Pictures with short captions
»»

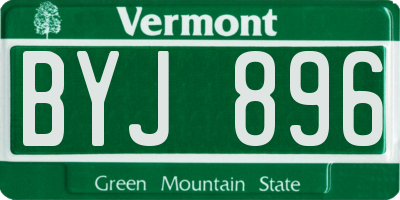 VT license plate BYJ896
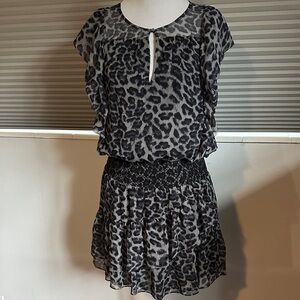 Ella Moss Black & Gray Animal Print silk Mini Dress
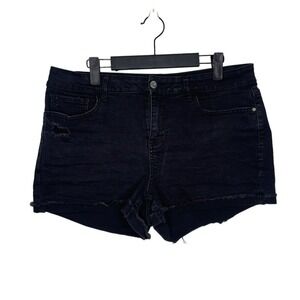 True Craft Womens Black Denim Shorts High Rise Raw Hem Size 13 Distressed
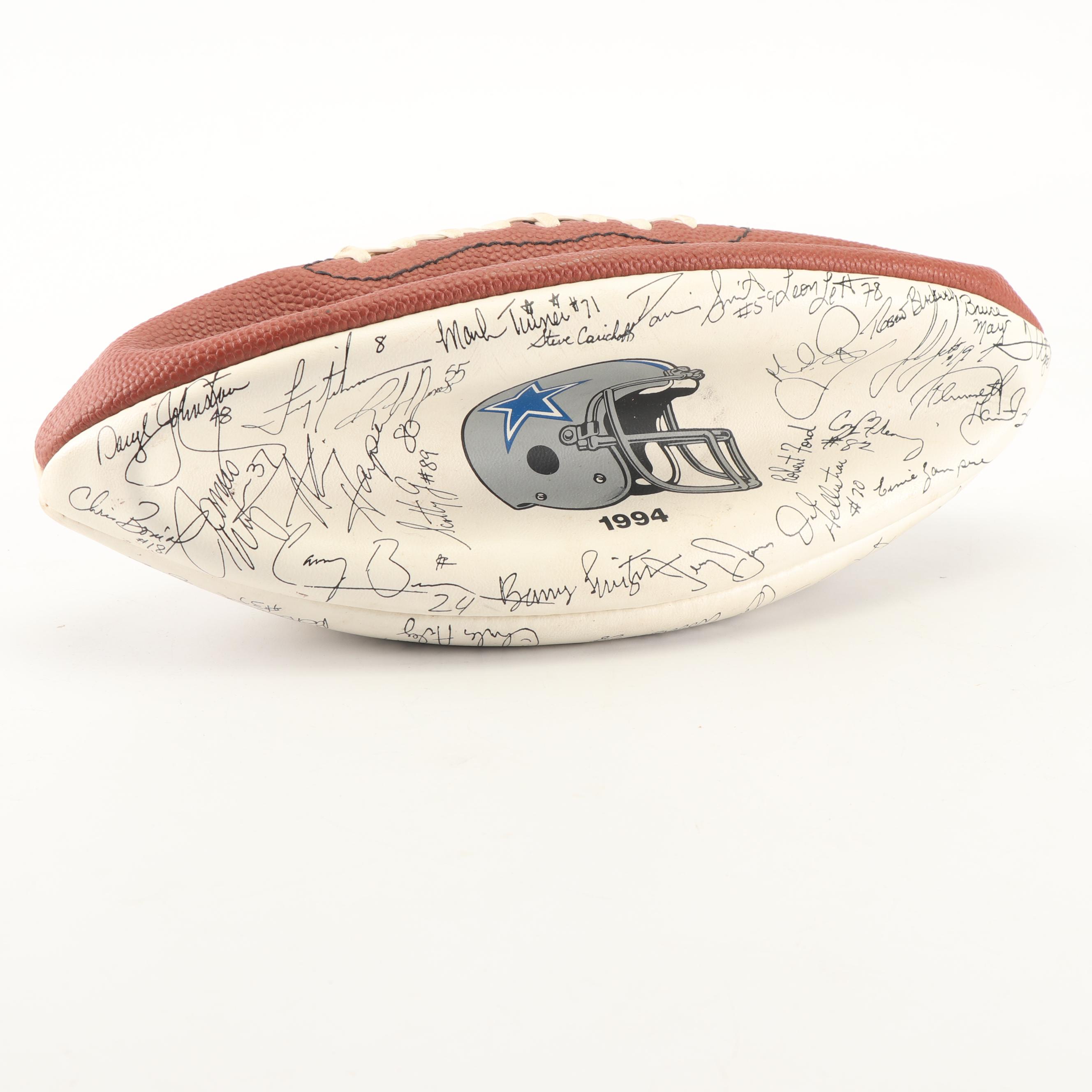 1994 Season Dallas Cowboys Football with Printed Signatures
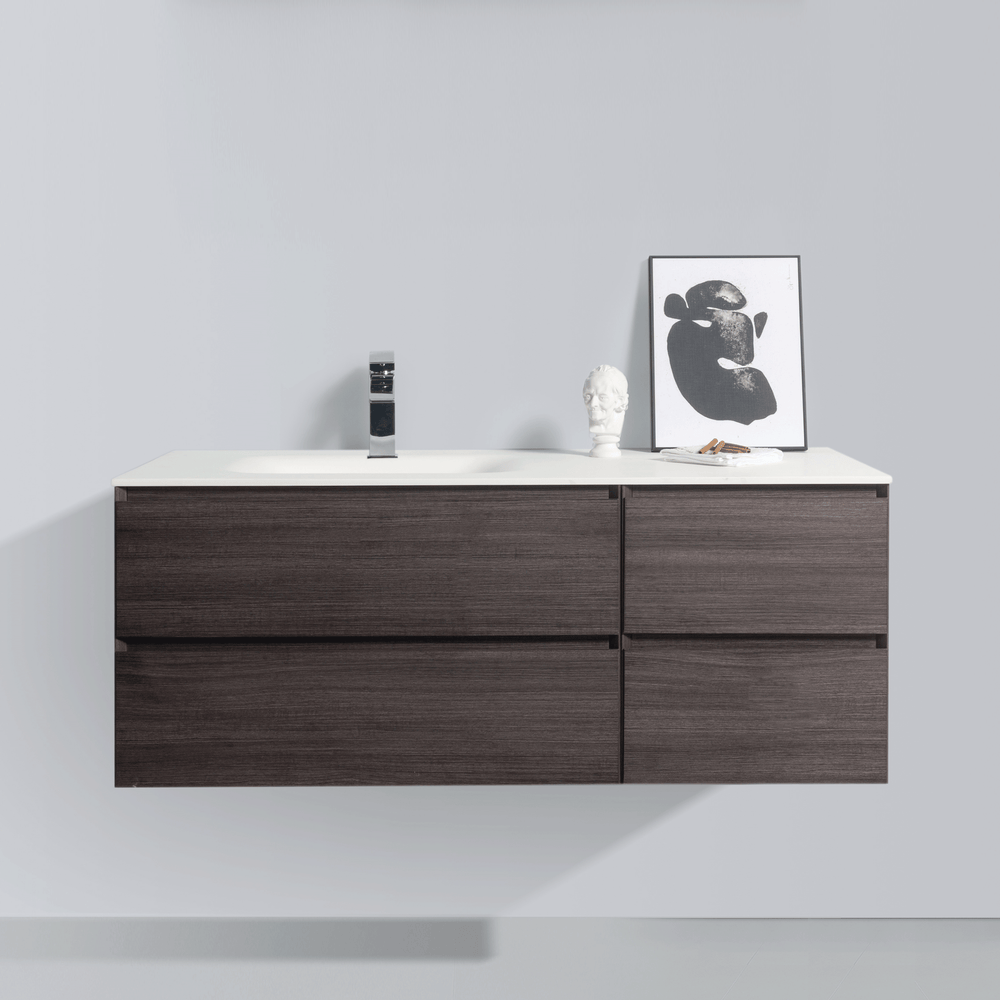 BAI 0828 Wall Hung 52-inch Bathroom Vanity in Graphite Wood Finish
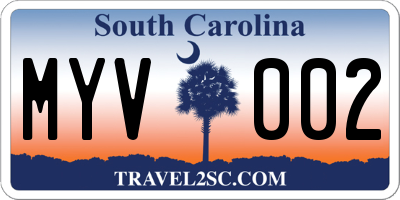 SC license plate MYV002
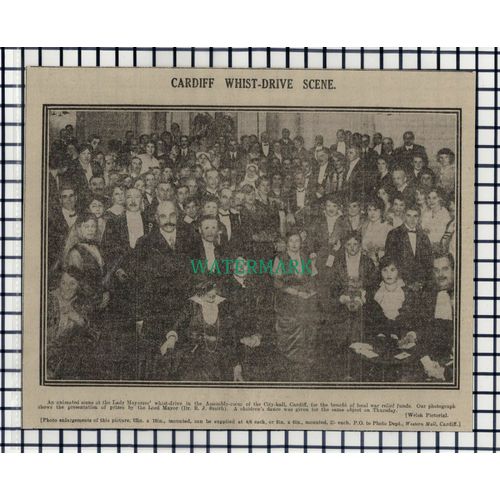 (7660) Cardiff City Hall Whist Drive Mayor Dr R J Smith - 1916 Cutting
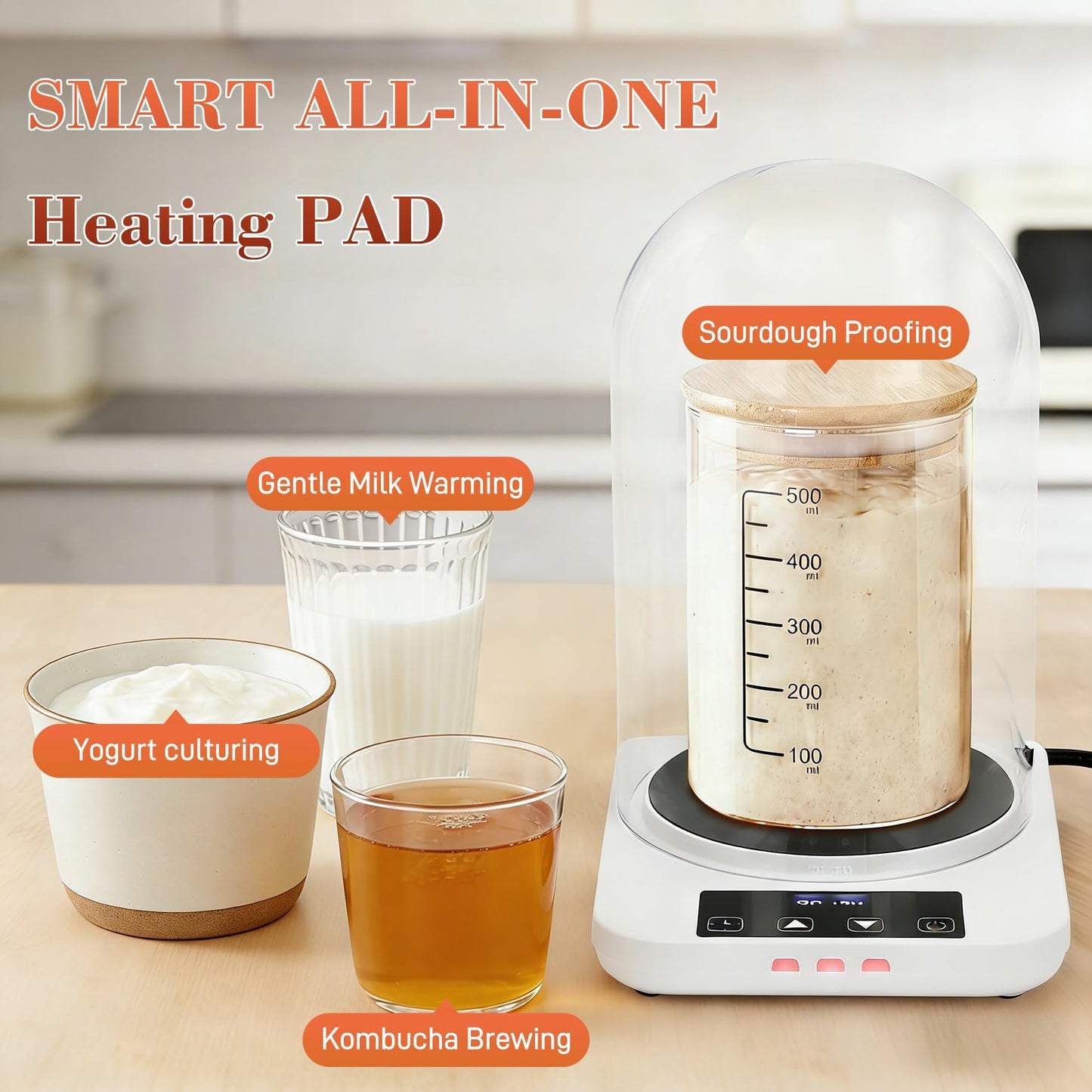 Sourdough Starter Warmer with Glass Dome, Precise 1°F Thermostat Control (70-100°F), Sourdough Warmer and Dome for Home Baking,24h Timer Auto Warming On/Off Sourdough Warming Mat（White）
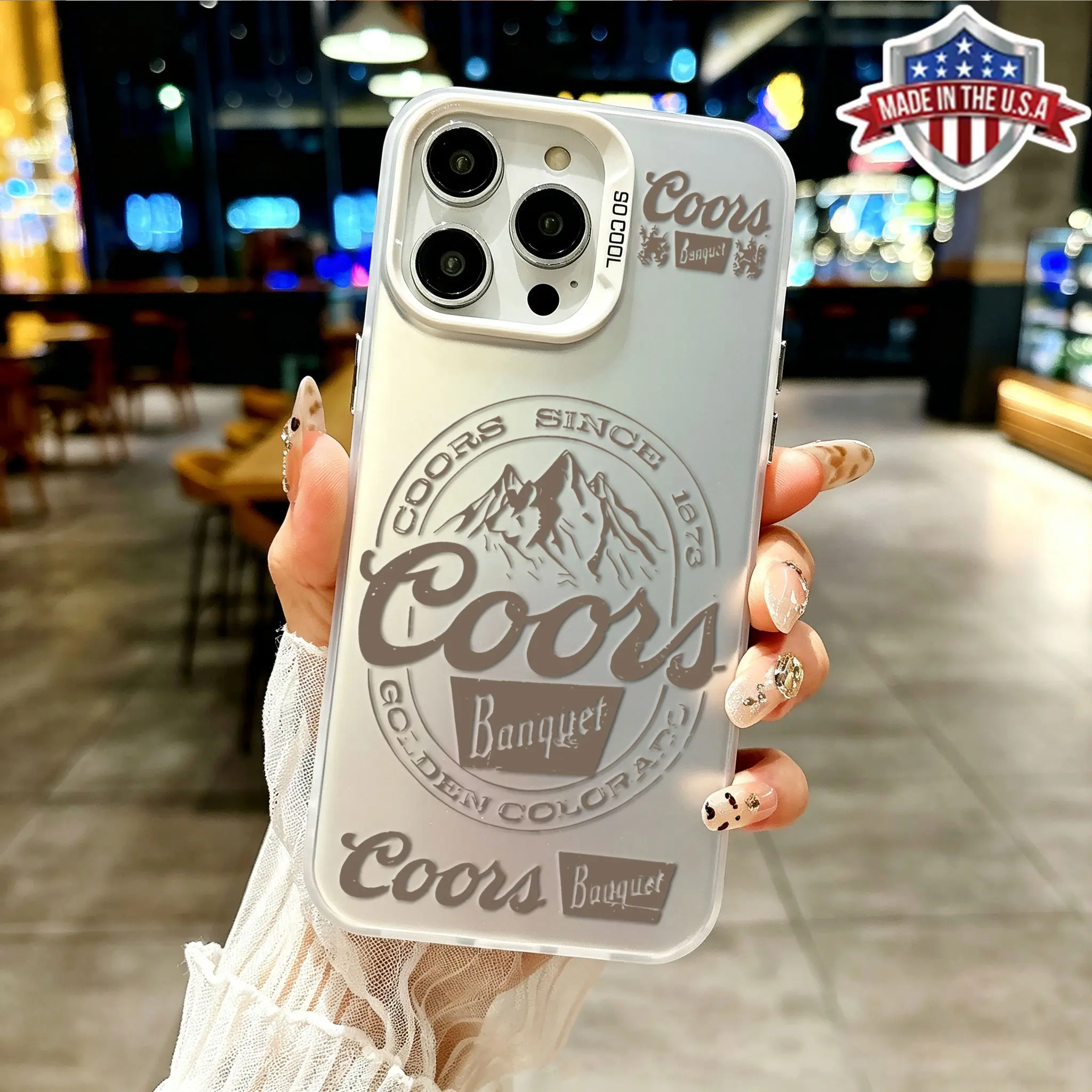 Vintage Distressed Coors Banquet Mountain Stamp Logo Phone Case, Retro Western Beer Brand Golden Colorado Grunge Graphic Matte Phone Cover, Color Matching Camera Frame Full Lens Protection Shockproof Anti-Scratch Case iPhone11 12 13 14 15 16 17 Pro Max, S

««

Work to complete - Respond with the exact lines above running from the one containing "True Craft Womens" to the one containing "Sourdough Starter Warmer", both ends kept and no pictures included.

Solution -
 True Craft Womens Black Denim Shorts High Rise Raw Hem Size 13 Distressed
 1994 Season Dallas Cowboys Football with Printed Signatures
 BAI 0828 Wall Hung 52-inch Bathroom Vanity in Graphite Wood Finish
 SC license plate MYV002
 (7660) Cardiff City Hall Whist Drive Mayor Dr R J Smith - 1916 Cutting
 Sourdough Starter Warmer with Glass Dome, Precise 1°F Thermostat Control (70-100°F), Sourdough Warmer and Dome for Home Baking,24h Timer Auto Warming On/Off Sourdough Warming Mat（White）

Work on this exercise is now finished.